Harte Vollbremsung nach Bruchteilen einer Sekunde

Warnsignal aus und an

Die Innensicht: Der Wagen fährt geradeaus, eine Weile lang ist nichts Ungewöhnliches ist zu beobachten. Plötzlich blinkt eine dreieckige Lampe am rechten Rand der Windschutzscheibe gelb auf. Das System hat offenbar einen Fußgänger oder Radfahrer rechts vom Fahrzeug erkannt.

Radler löst Signal aus, ohne im Spiegel sichtbar zu sein

Da ist im Außenspiegel noch nichts von ihm zu sehen. Als der Fahrer wenig später das Lenkrad rechts einschlägt und leicht aufs Gaspedal tippt, wird das Dreieck sofort alarmrot, und ein lauter Pfeifton ertönt. Nach Bruchteilen einer Sekunde hängen alle Insassen der Fahrerkabine stramm in den Sicherheitsgurten. Der Radfahrer, der sich unsichtbar im toten Winkel aufgehalten hat, rollt unversehrt am tonnenschweren Müllfahrzeug vorbei. "Das war eine richtig harte Vollbremsung", erläutert Kraftfahrer Max Schiewe. Und nach draußen ruft er: "Keine Sorge, ich hätte auch ohne das Warnsignal gebremst." Doch das Signal hatte sich zuverlässig gemeldet – und es war nicht zu ignorieren.

Lkw-Abbiegeassistent besteht Bremstest

In der Außensicht zeigt sich noch deutlicher, dass ein sich von rechts nähernder Radfahrer oder Fußgänger das schwere Nutzfahrzeug regelmäßig zum abrupten Abstoppen bringt. Das System überzeugt alle Anwesenden restlos.
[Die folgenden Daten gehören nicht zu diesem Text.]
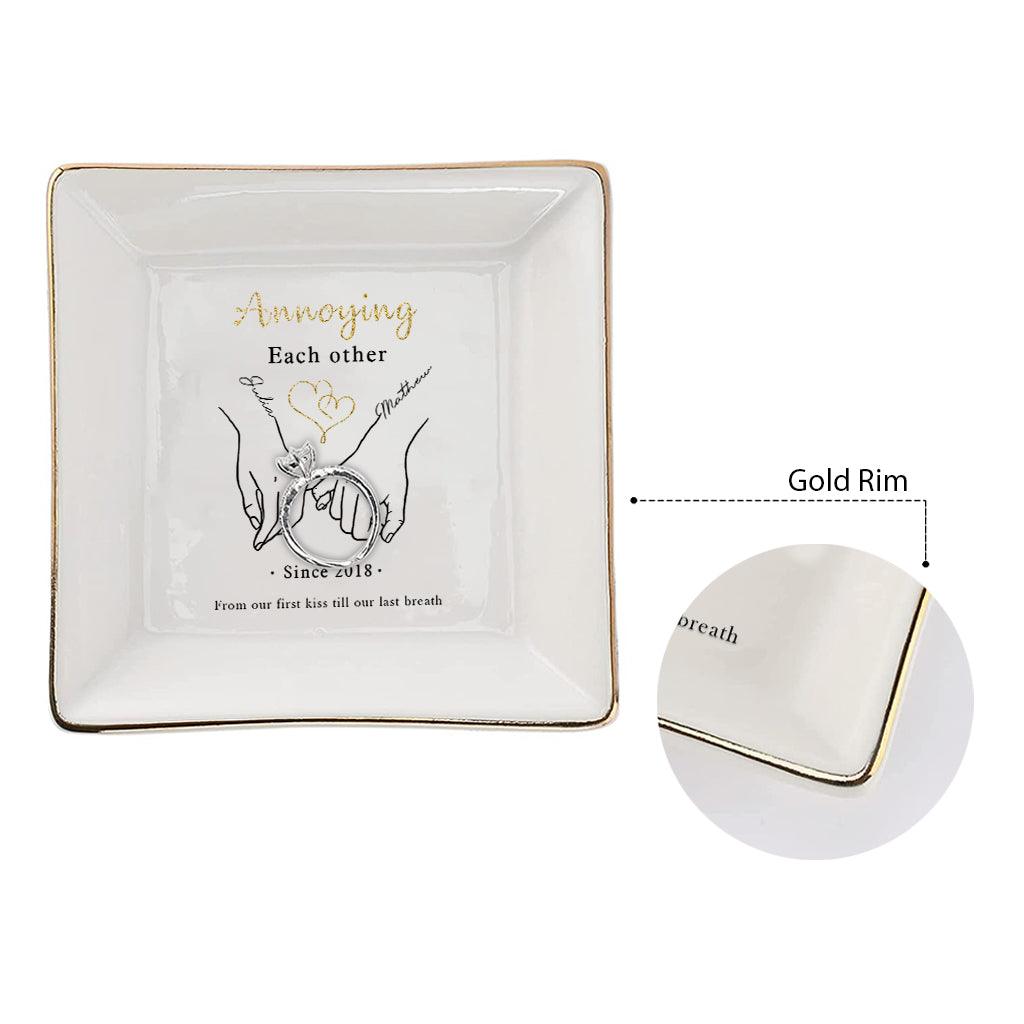Together Forever - Personalized Couple Jewelry Dish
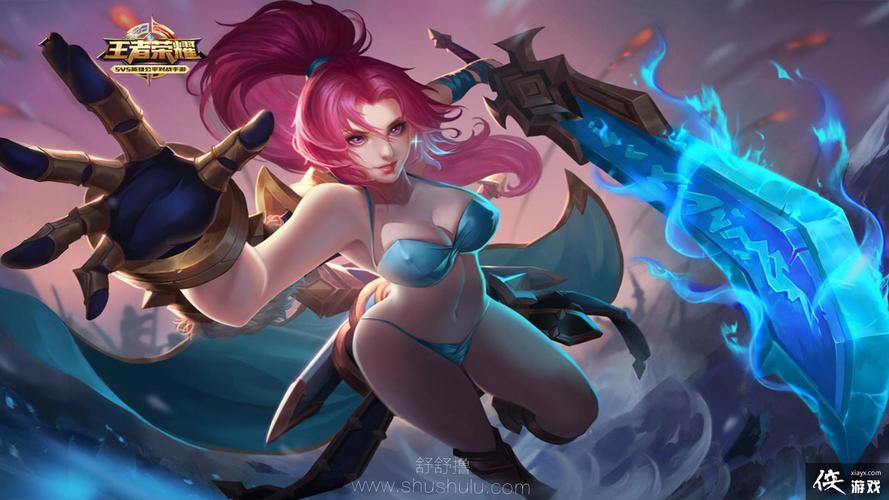 王者荣耀女英雄无爱心图来了！高清大图合集！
Natürlich verlässt sich die FES nicht allein auf die Technik. Alle Kraftfahrer erhalten regelmäßig Fahrtechnik-Trainings, welche die FES in eigener Regie durchführt, damit auch Fahrzeuge ohne elektronischen Abbiegeassistent sicher durch den Verkehr bewegt werden können. Dazu gehört es auch, dass der Beifahrer wachsam ist und durch seinen zusätzlichen Blickwinkel als eine Art menschlicher Abbiegeassistent fungiert.

Beifahrer-Aufkleber

Und auch Rad Fahrende können durch ihr Verhalten helfen, gefährliche Situationen zu minimieren: An roten Ampeln sollte man keineswegs direkt neben einem Lkw halten. Besser stellt man sich gut sichtbar davor auf – und zwar so, dass man selbst den Fahrer hinter der Windschutzscheibe sehen kann – oder man bleibt hinter dem Fahrzeug und beobachtet genau, ob er rechts abbiegt. In diesem Fall sollte man ihm – trotz eigenem Vorrang – mit sicherem Abstand vorbei lassen.